For decades, lancing the ugly boil of National Insurance from the none-too-pretty face of the British tax system has been on the wishlist of tax reform campaigners and payroll professionals. The complicated system of weekly ‘contributions’ has long since twisted out of its original insurance shape into the current reality of being just another tax on income. Different rules on things such as when it’s applied, who is liable, what is ‘employment’ and what’s allowable as an expense make for a nightmarishly fiddly system that’s a major headache for employers and anyone trying to work out how much they have to pay.
Employer’s National Insurance, the so-called ‘jobs tax’, is particularly unpleasant due to its nature of ultimately being paid for by workers in the form of depressed wage levels while procedurally being a charge landed on employers. That disconnect between the employer who writes the cheque to HMRC and the employee who ends up being worse off because the economic burden is passed on to him via lower wages means it’s particularly lacking in the transparency and simplicity that taxpayers have a right to demand from the system that confiscates their money.

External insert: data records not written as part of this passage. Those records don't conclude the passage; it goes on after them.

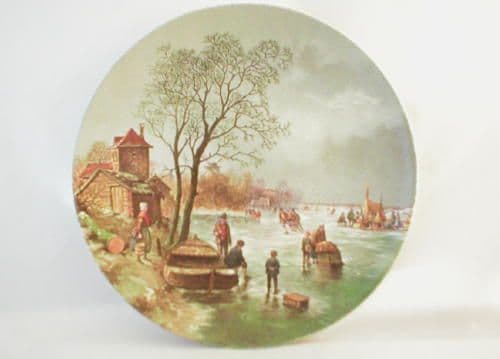 Poole Pottery Transfer Plate, Landscape in Winter After Painting by A.Schelfhout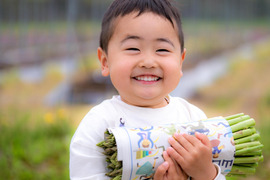 【2kg！甘さ抜群！春芽】すぃーとアスパラ（規格外品）
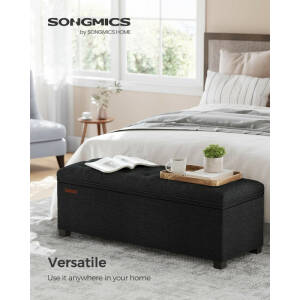 Oppbevaringsbenk 110 cm – tuftett sittebenk med 103 L volum og 300 kg kapasitet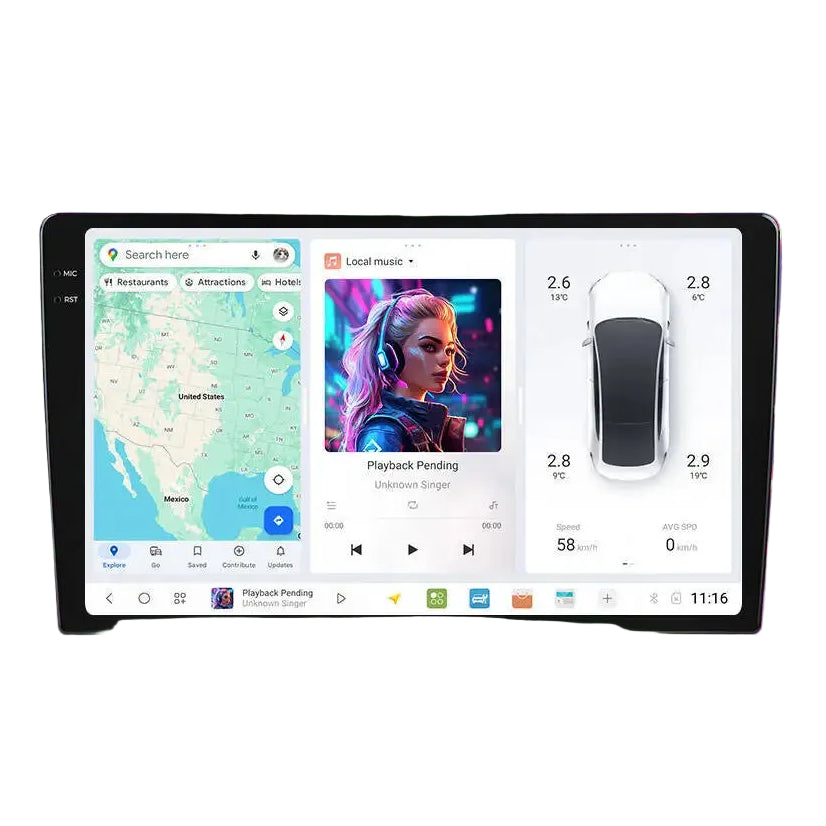 Multimedia Speler Auto – Car Radio – Auto Stereo – Navigatiesysteem – Touchscreen – 9,5”/11,5” Inch – Draadloos CarPlay & Android Auto – 8-Core Processor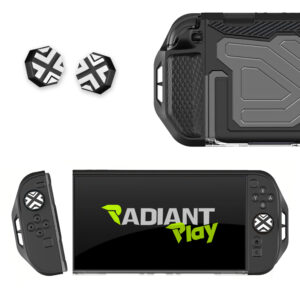 Radiant Play Hardcase Hoesje - Nintendo Switch 2 - 3-delig Beschermhoes - Schokbestendig - Zwart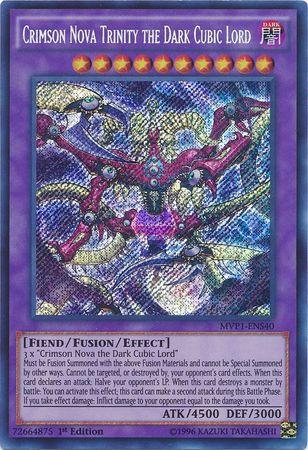 Crimson Nova Trinity the Dark Cubic Lord MVP1-ENS40 YuGiOh The Dark Side of Dimensions Movie Pack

But which Chancellor wants to be the one to whip out the scalpel and do the deed? Many groups would potentially face a nasty tax hike from a poorly thought-through plan to merge National Insurance with Income Tax. Pensioners, the self-employed, people with two jobs or fluctuating incomes are among those who now benefit from advantages over regular employees in standard PAYE employment, who have to pay more. The status quo is certainly unfair on regular employees, but those who do nicely out of it have every right to object to being lumbered with any more tax.